__The problem__
Starting at the line containing "8pcs Shoe Polish" and ending at the line containing "Connect and create Git repository", transcribe the listing below exactly. Keep both end lines, skip the pictures, and copy nothing else.
Entries supplied section start
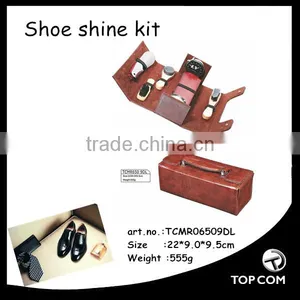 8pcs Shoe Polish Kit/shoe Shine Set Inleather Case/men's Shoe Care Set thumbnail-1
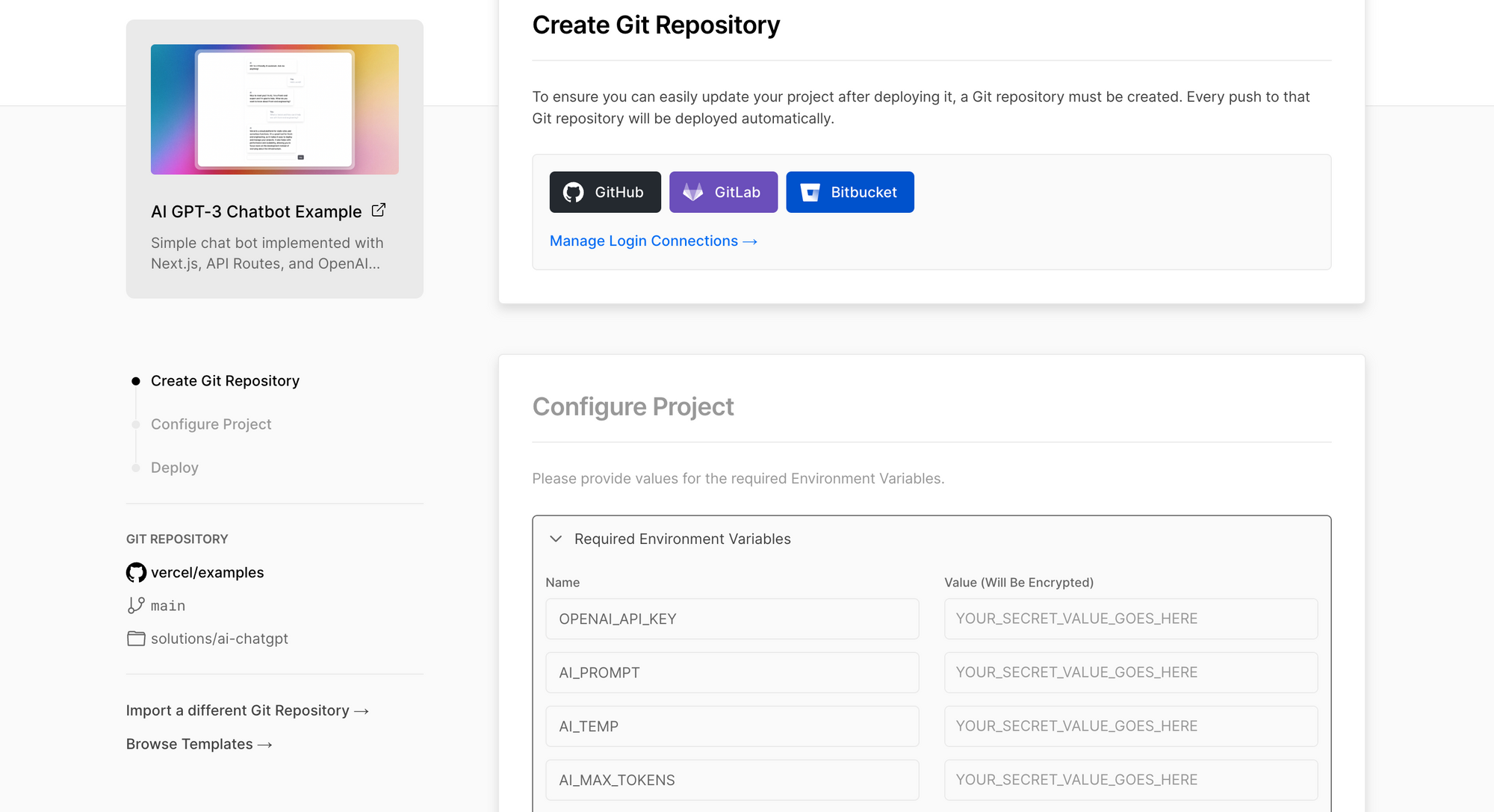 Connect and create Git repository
Entries supplied section end
Entries supplied section start
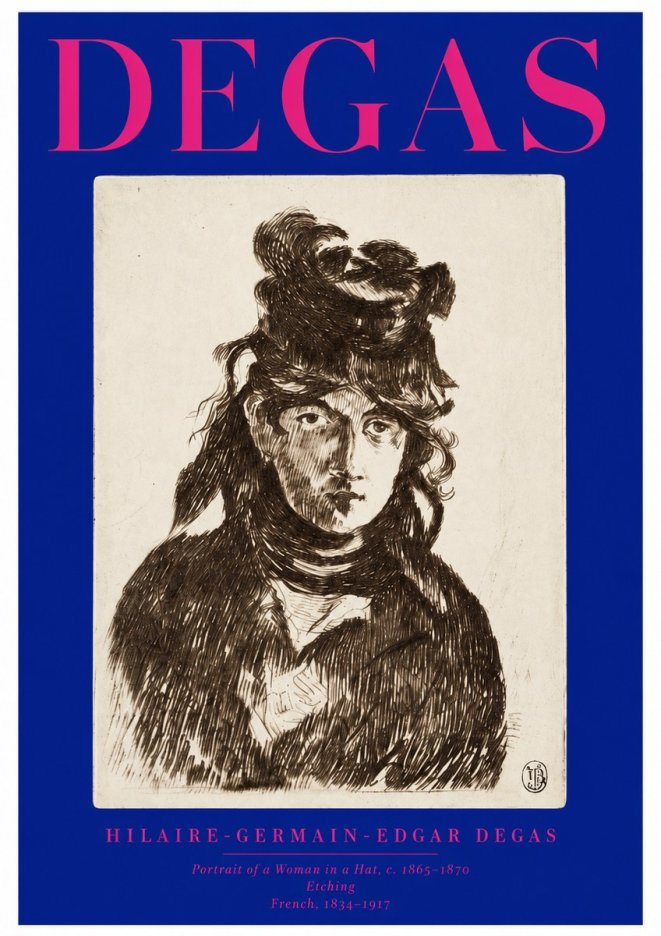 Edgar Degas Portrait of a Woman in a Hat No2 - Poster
Entries supplied section end
__Solution for this problem__
 8pcs Shoe Polish Kit/shoe Shine Set Inleather Case/men's Shoe Care Set thumbnail-1
 Connect and create Git repository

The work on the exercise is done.